Einstein, Don Juan and Kabbalah


We are living in a transitional time in which people are increasingly discovering that the rationality of traditional scientific materialism is no longer satisfying in its explanations. People are sensing that there has got to be more to it than what science is telling us. And to the same degree, orthodox religion is coming up short on delivering what people are looking for; more and more people are turning to mysticism for an understanding of the way things are.

Humanity is on the verge of monumental discovery, about ourselves and the universe we inhabit. Science has progressed to a point where it acknowledges that the elemental aspects of matter do not behave in a predictable manner. Science has encountered the mystical, the indefinable, as perhaps the final explanation to understanding the world, strangely dovetailing with mysticism.

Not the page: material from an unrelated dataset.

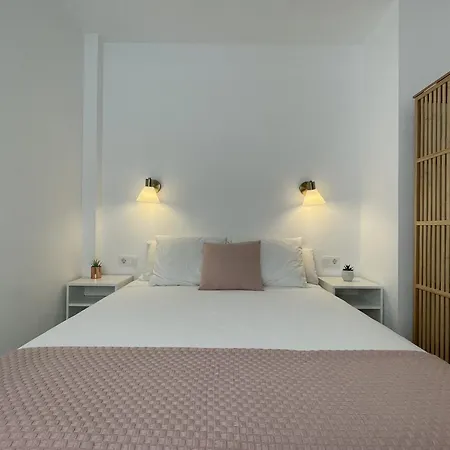 Apartament Markethome *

Science has reached its limit in the study of matter; it has been shifting its focus increasingly to that which heretofore has been unseen... energy or 'spirit' - the realm of the mystic. Renowned physicist Max Planck opened the speculative door to God, the nature of God, the possibility that the universe is a unified field, a cohesive fabric, with omnipresent conscious awareness, a conscious energy, as he pondered the origin of energy. "All matter originates and exists only by virtue of a force... We must assume behind this force the existence of a conscious and intelligent Mind. This Mind is the matrix of all matter," said Planck.

What is this matrix of all matter, the quantum field behind all that exists? Is it best to grapple with an understanding of it from a scientific perspective or a mystical one? Are science and mysticism aiming to understand the same thing?

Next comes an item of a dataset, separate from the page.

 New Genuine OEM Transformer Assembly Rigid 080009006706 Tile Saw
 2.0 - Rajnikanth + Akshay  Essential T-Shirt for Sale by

In this brief expose I look at how the mystical discipline of Kabbalah is essentially describing the same thing modern physicists are describing when the world is viewed through a quantum lens. And looking at the perspective of the Toltec tradition of ancient Mexico, each view mirrors the Yaqui sorcerer Don Juan's breakdown of reality into the first and second attentions.

There are two Hebrew words in kabbalistic language that correspond to both quantum and Toltec conclusions. The first is “yaish.” It is an all-encompassing concept, referring to virtually everything in creation - anything that has a beginning or an end, that has spatial coordinates, that has a definition, that is bordered by other things. And it’s not just material reality. Love has a beginning, it has an end. Anybody who has tried to live in the world knows that we live in the world of yaish. Each of us is yaish.

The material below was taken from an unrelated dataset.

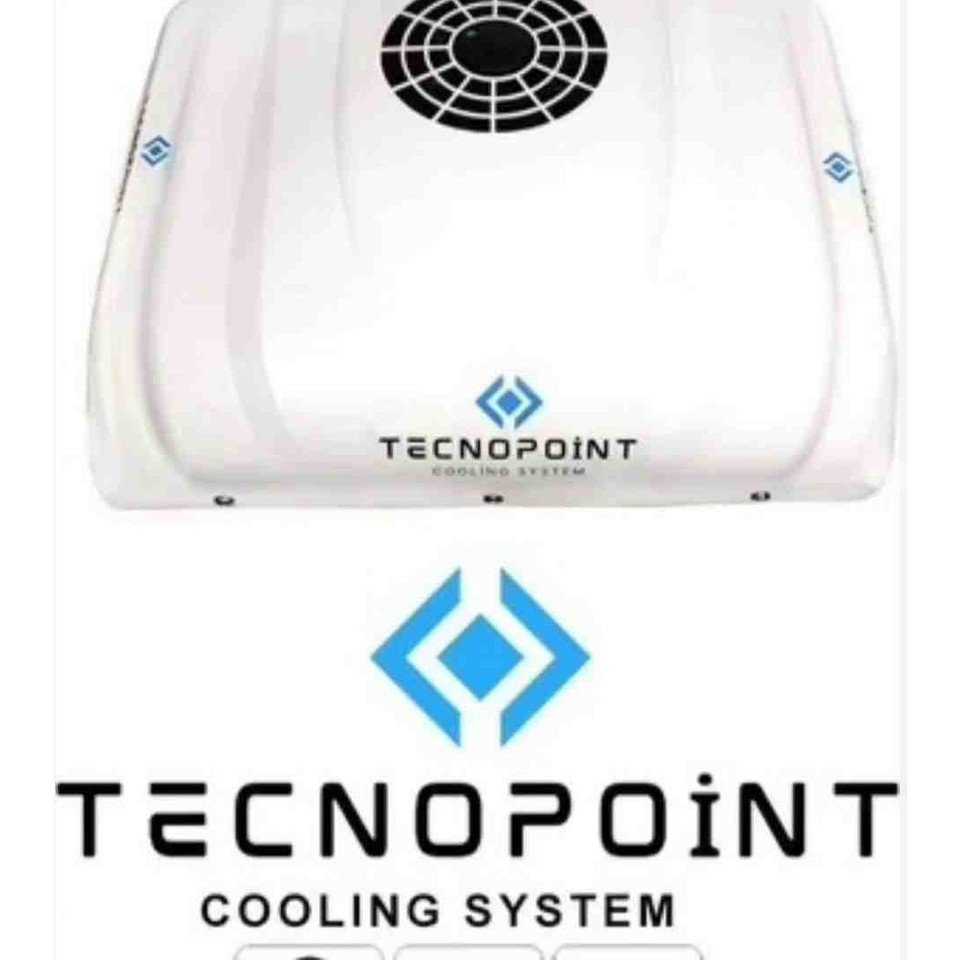 110000676200168.jpg Tecno Point Tecnopoint 24 Volt - Görsel 1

Everything is yaish. But yaish is not everything.

There is only one thing that is not yaish. That thing has no beginning, it has no end; it’s not bordered by anything, it has no definition, it has no spatial coordinates. It is the opposite of yaish, described in Kabbalah as “Ein Sof”, meaning without end. Literally it means nothing. Ein sof has something to do with God, the source of everything of yaish. Everything in the world is made of Ein Sof. Everything in the world is the wave of which Ein Sof is the ocean. And our knowledge of the ocean is largely based on the way it manifests itself in the waves, that is, the yaish. 

96% of the energy in the universe is unseen with no spatial coordinates – this is Source Energy or Ein Sof. Yaish is all form, the 4% of the universe we can see and measure. The quantum terminology corresponding to yaish is the field, with the intention behind the field corresponding to Ein sof.  In the Toltec tradition of don Juan Matus, the world we know day-to-day is referred to as the first attention, with the underlying matrix of reality known as the second attention.  Quantum physics, Kabbalah, and ancient sorcery each draws the same conclusions about the world.  Physicists and mystics and sorcerers are all on the same page in their interpretation of reality.  Approaching from entirely different directions, these disparate endeavors of discovery have reached the same core beliefs by following uniquely different paths of inquiry.  Every path on the mountain, it would seem, though perhaps out of sight from all others, leads, nonetheless, to the same summit; each tradition has a unique story to tell about how one goes about reaching the top, but all stories end the same way. 

There is a great lesson here.  All of us humans, despite our unique differences, all ask the same questions about who we are and our place in the larger scheme of things. In the end, we are the same.  We are One.  If I have a prayer to offer in this regard, it would be this:  

As we exist on the Earth along this timeline, and as we each gather and connect, let us become community. Let us open ourselves to Source Energy, the great ocean of Ein Sof, the intention behind the field, the second attention, and learn from each others’ hearts more about that Source. As the waves, let us look within our being and to each other to become closer to understanding the Source, the matrix from which all things spring. Let us once again claim a path along the way that leads us to become proactive co-creators of wholeness in the wonderful world we live in.